This is all the more important as we apply our industry’s skill-base to energy transition and building new business models.
 
Experience is about having seen numerous real-world examples and being able to draw on these when making decisions, warts, and all.  Knowing what worked, what failed, and why.
 
As my Ph.D. advisor repeatedly told me "the best geologists are those who have seen the most rocks". (I am convinced that this is something said by every Ph.D. advisor to every geology Ph.D. student, but that makes it no less true).
 
And that places us in something of a cleft stick.
 
On the one hand, the Industry is addressing past diversity issues and hiring a new generation of enthusiastic, talented, Earth scientists, albeit in limited numbers. Whilst simultaneously cutting costs. Great…
 
But, on the other hand, we have lost the experience and expertise we need to both mentor the next generation and also to make informed decisions as we start to explore once more.
 
So, what to do?
 
Let me respectfully offer a few suggestions:

Today companies have libraries filled with 3rd party reports, internal studies, presentations, and databases. That is an incredibly powerful resource, but only if used.

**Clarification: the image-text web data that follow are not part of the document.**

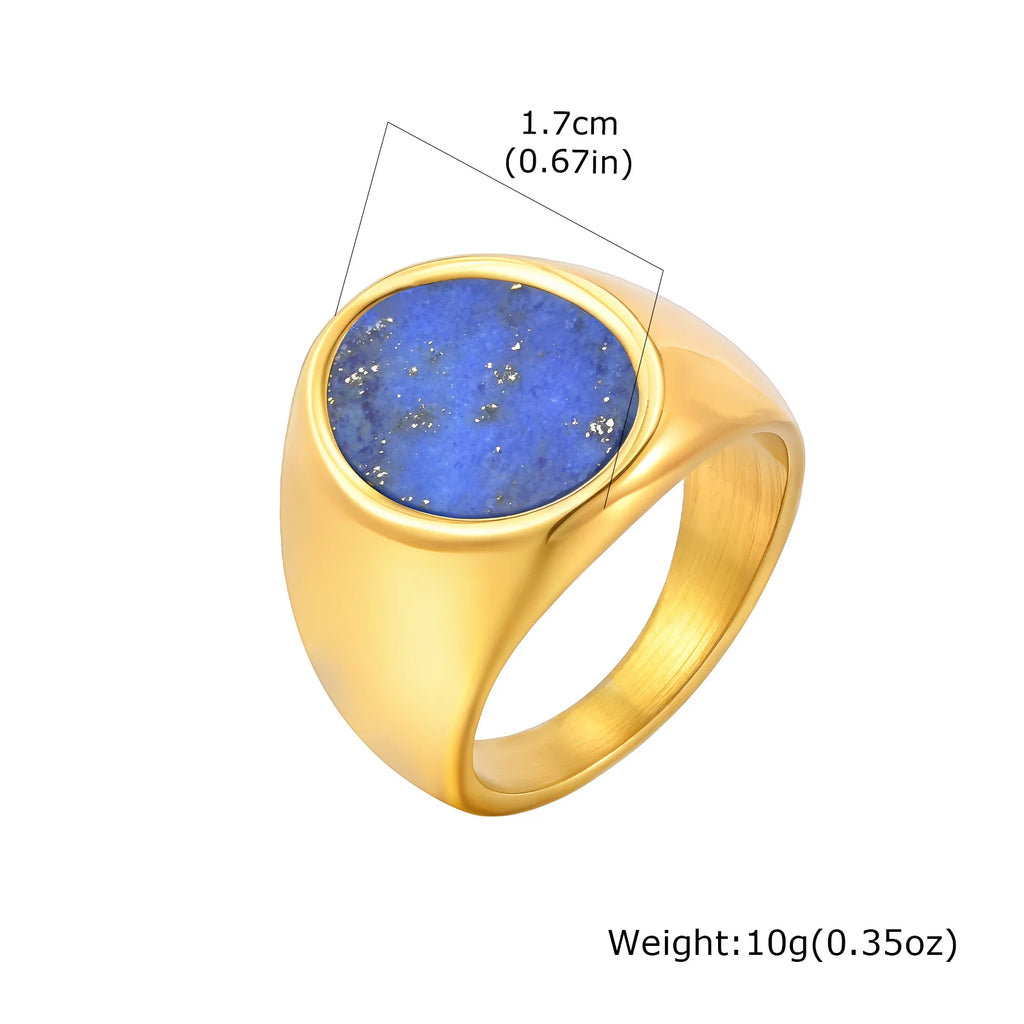 PENDRA Nerivion Natural Stone Ring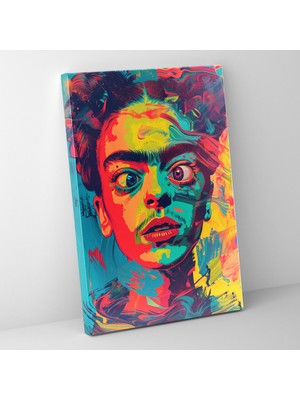 Painted Anarchy Frida Kahlo Style Canvas Print - Frida Kahlo 30X50 cm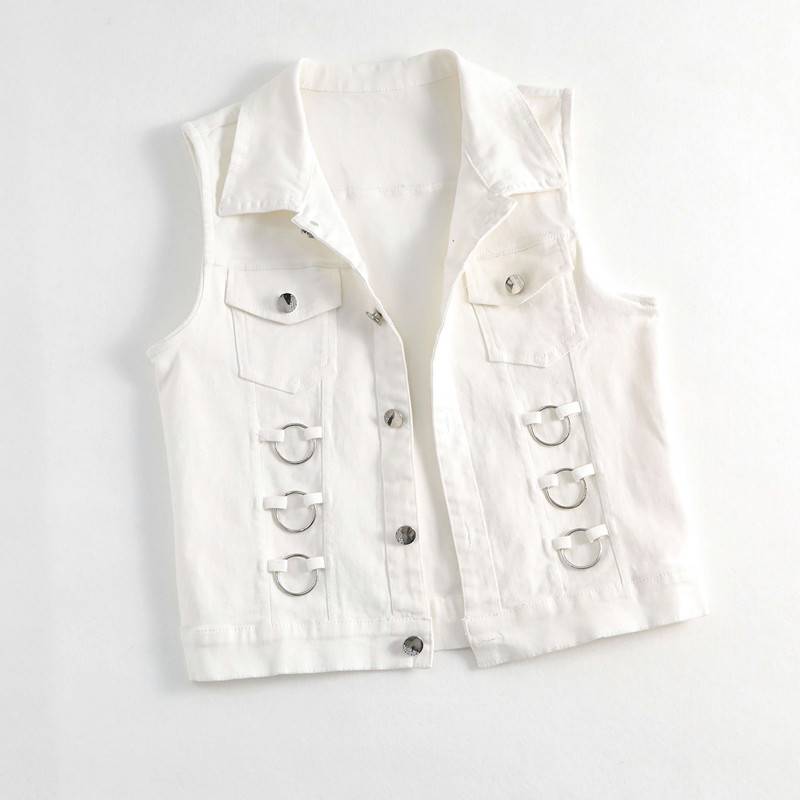 European Station Bargaining Display Slim Denim Vetener 2024 Spring / Summer New Korean Version Western Fried Street Workers Club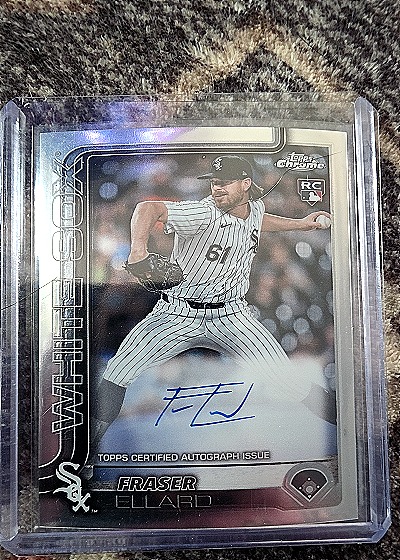 2025 Topps Chrome #RA-FE Fraser Ellard Rookie Autographs — front
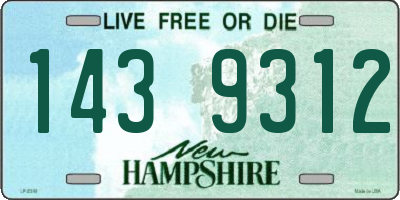 NH license plate 1439312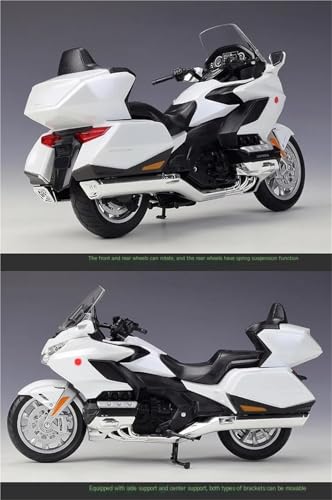 Moto de course miniature 1:12 métal injecté modèle réduit Gold Wing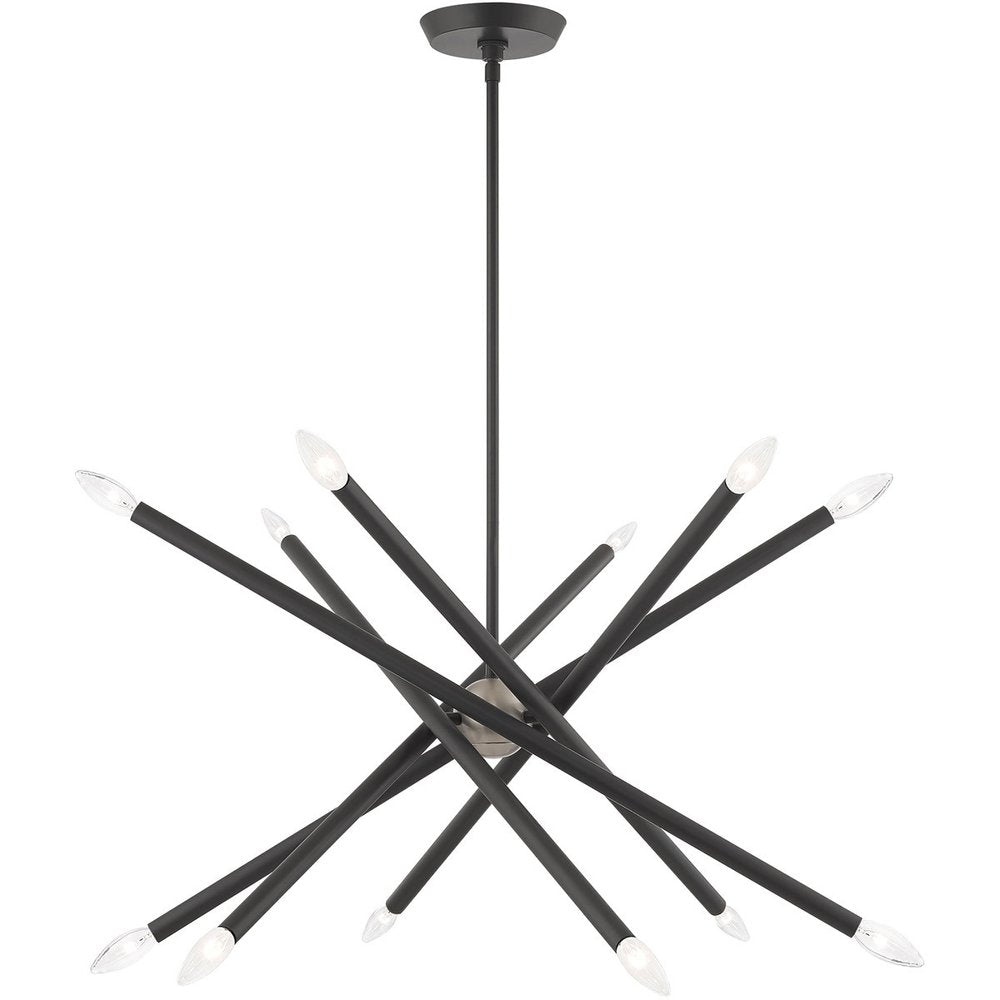 Six Light Dimmable Chandelier With Shades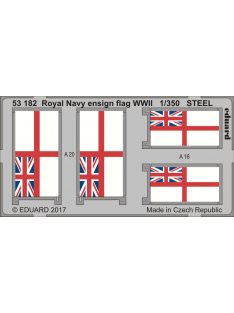 Eduard - Royal Navy ensign flag WWII STEEL 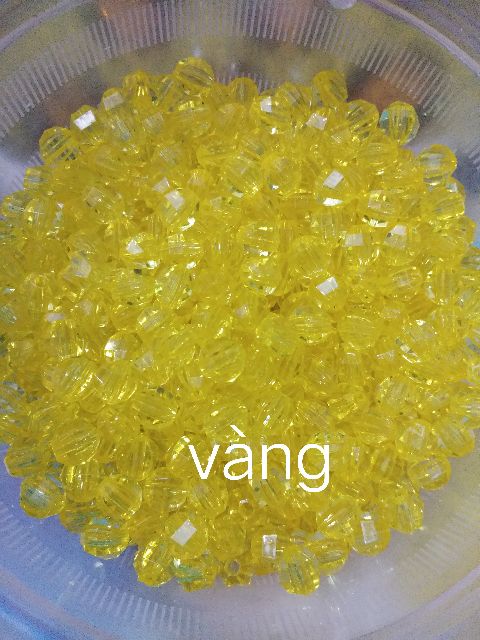 Hạt cườm pha lê nhựa 8li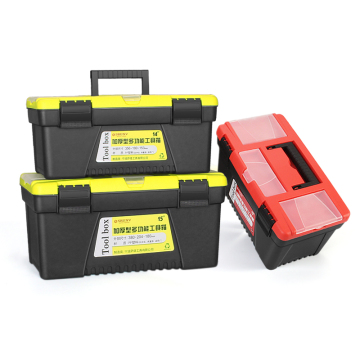 Low Price Customized Plastic Toolbox with Anti-drop Buckle and Disassembled Pallet
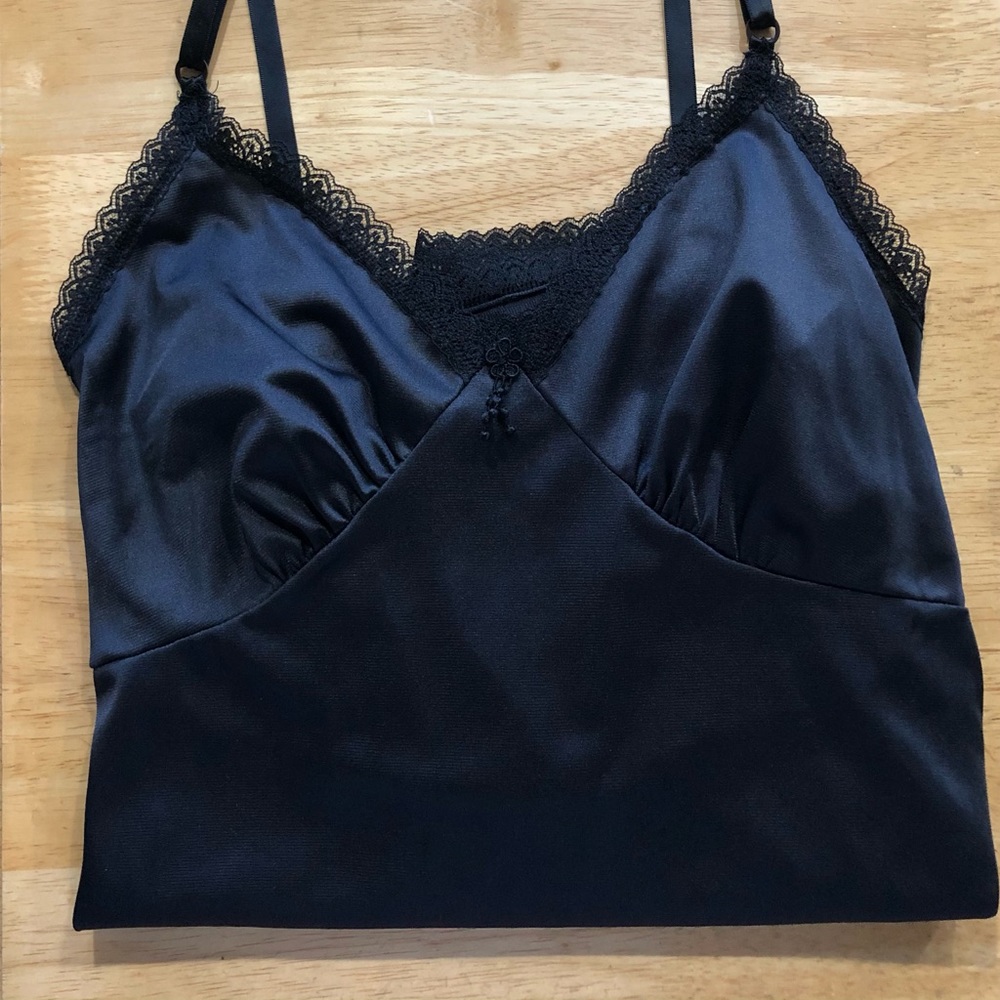 Sears Long Nylon Lace Trimmed Slip Size 32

The challenge is to understand what you have and how to integrate this within your current workflows. What data and knowledge are good? What is bad?  What can you accept and what should you ignore? It is certainly advantageous to know where the skeletons are before you repeat past mistakes! Mistakes cost time and monies.
 
Why spend more monies if you already have the answers, or resources to get to the answers, in-house? 

An easy win is to get your libraries curated and databased. In some companies, this has already been done. It is something I spent 2019 doing with my libraries​ (see my blog on scanning)

Another solution is to bring in the original product builders and get them to explain what they did and where useful, updating their products to fit new corporate workflows. This is certainly where much of my time would have been focussed this year (until some errant RNA intervened), having spent the last 25 years designing, building, and selling products and solutions to exploration companies.

One problem with seeking out the builders is that whilst their companies may still exist (possibly) the authors themselves may have moved on.
​
The same is true when looking for your own staff who made the original purchases with a specific plan in mind and/or who used the products. You may need to visit the golf courses of Houston or drive out to the Hill Country (though obviously not Alexanders) – ‘social distancing’ notwithstanding.

University research groups have always been a great source of cutting-edge ideas, knowledge, understanding, and data. Not to mention future staff.
 
With down-sizing and the disappearance of company-based research groups, universities are becoming all the more important.
 
This is not just about bringing in a professor to give a one-off seminar, but from my experience is best achieved through more active participation through workshops, having academics work directly with teams, and through MSc and Ph.D. projects and internships. 

As an example, last year I participated in a week-long workshop for a company that convened leading academics from different research groups and with varying opinions. In a few days, staff were exposed to all the views and background from the leaders in the field, something that would have taken them months to get a handle on by only reading their papers, and which even then, would not have provided the insights into the mindsets of the protagonists.
 
(There is also a need to maintain a presence in Academia at a time when our industry is increasingly perceived negatively).

Get out the pencil crayons.
​
Get your young staff to look at paper copies of seismic and use colored pencils to identify horizons. The key is to encourage your teams to understand the data, know their data, and to ask questions. They should not be afraid to disagree with their elders, but wise enough to know that experience can be an advantage. We are not infallible, but we have seen more rocks and solved more problems.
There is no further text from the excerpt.